Work item
When you reach the line that contains "Photo of Others in Aigne", please begin copying, and carry on exactly to the last line of the material, leaving out every picture.

Supplied information
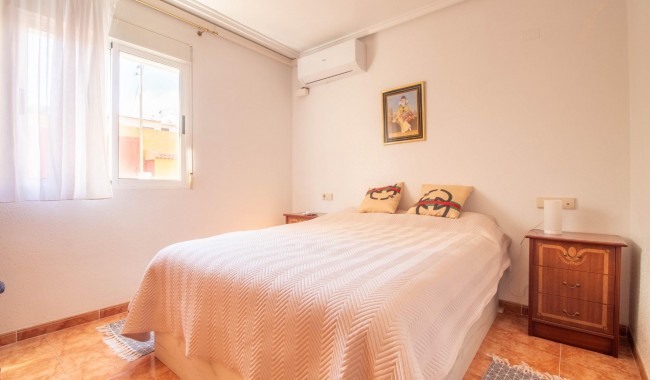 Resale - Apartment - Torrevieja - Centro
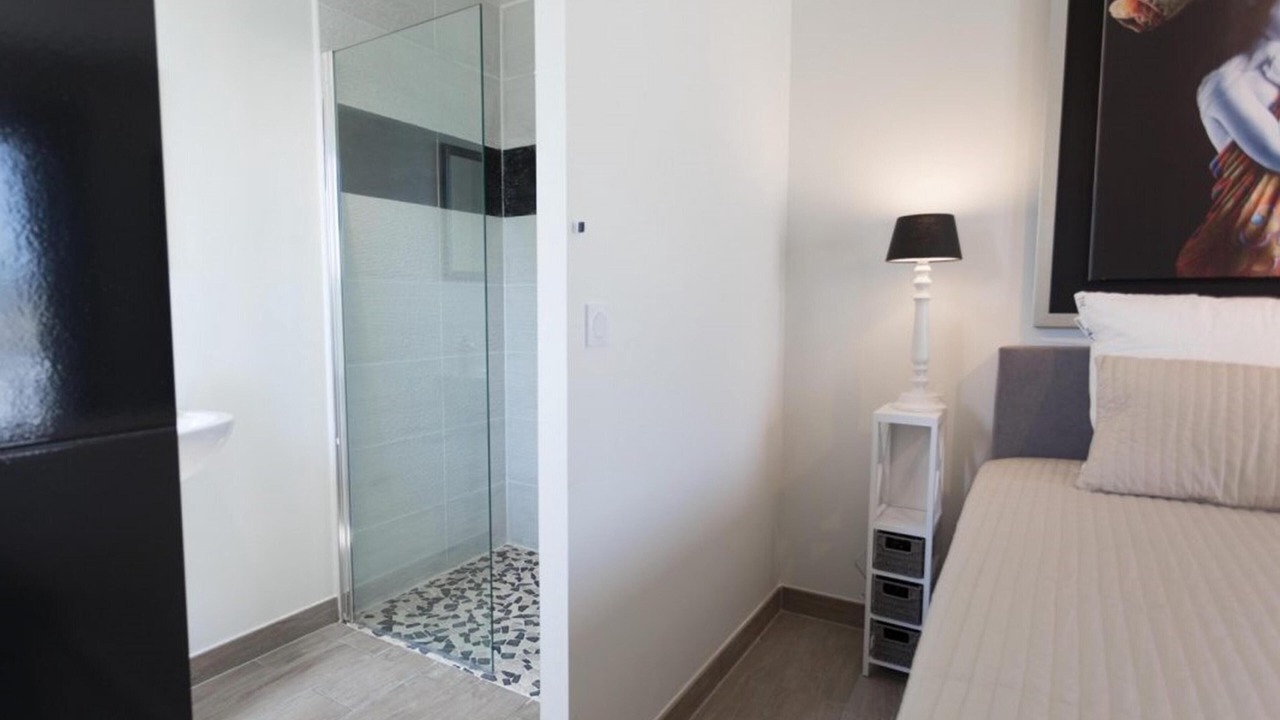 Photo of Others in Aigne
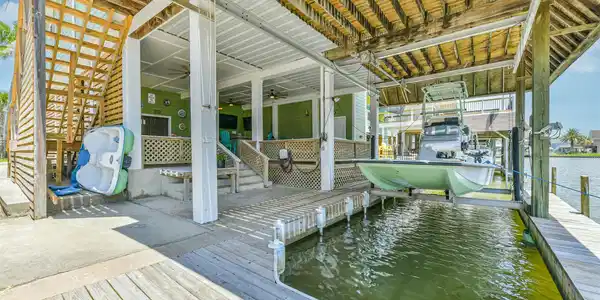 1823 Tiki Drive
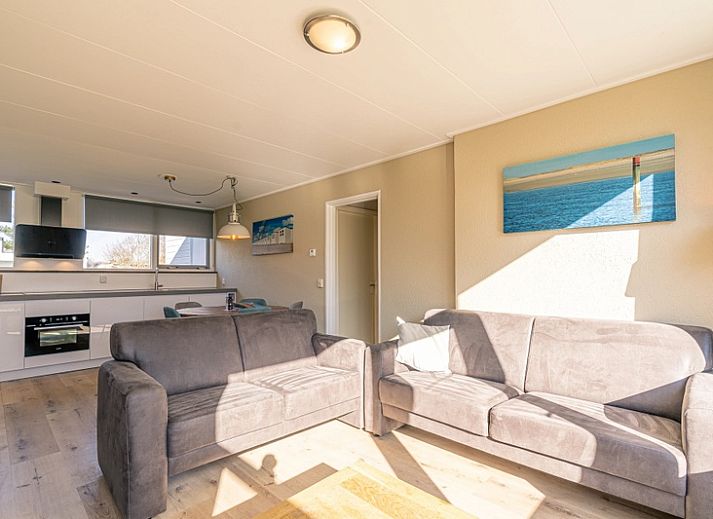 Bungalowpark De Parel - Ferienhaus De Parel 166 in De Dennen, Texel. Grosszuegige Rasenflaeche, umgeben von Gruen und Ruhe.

Response area
 Photo of Others in Aigne
 1823 Tiki Drive
 Bungalowpark De Parel - Ferienhaus De Parel 166 in De Dennen, Texel. Grosszuegige Rasenflaeche, umgeben von Gruen und Ruhe.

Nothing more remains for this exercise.